Find all lines in the records that include the word "meme", and copy them out.

» THE RECORDS:
== Segment start ==

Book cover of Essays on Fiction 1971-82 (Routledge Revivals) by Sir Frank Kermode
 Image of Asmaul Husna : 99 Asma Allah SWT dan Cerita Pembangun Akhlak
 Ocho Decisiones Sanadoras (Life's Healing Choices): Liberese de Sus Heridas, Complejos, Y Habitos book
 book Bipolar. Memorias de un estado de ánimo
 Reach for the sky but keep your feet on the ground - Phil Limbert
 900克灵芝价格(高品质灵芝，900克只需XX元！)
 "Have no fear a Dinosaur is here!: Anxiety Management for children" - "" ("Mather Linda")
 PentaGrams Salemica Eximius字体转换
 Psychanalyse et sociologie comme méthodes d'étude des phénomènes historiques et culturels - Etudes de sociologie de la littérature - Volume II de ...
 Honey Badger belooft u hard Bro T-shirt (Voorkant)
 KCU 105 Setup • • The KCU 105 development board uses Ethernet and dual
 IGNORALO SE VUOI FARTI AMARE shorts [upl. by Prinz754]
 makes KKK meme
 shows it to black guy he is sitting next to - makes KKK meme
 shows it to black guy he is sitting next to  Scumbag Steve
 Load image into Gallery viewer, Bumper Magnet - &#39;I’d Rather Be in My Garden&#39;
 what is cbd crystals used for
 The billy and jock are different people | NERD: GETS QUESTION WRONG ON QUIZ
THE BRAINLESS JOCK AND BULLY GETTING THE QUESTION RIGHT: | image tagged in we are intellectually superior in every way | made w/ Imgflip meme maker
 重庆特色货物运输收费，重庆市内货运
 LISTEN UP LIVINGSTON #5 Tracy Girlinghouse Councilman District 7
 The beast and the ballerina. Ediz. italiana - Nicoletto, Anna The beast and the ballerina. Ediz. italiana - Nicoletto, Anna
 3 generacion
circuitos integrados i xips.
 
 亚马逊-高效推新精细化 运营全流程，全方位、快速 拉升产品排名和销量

== Segment end ==

» SOLVED PROBLEM:
 makes KKK meme
 shows it to black guy he is sitting next to - makes KKK meme
THE BRAINLESS JOCK AND BULLY GETTING THE QUESTION RIGHT: | image tagged in we are intellectually superior in every way | made w/ Imgflip meme maker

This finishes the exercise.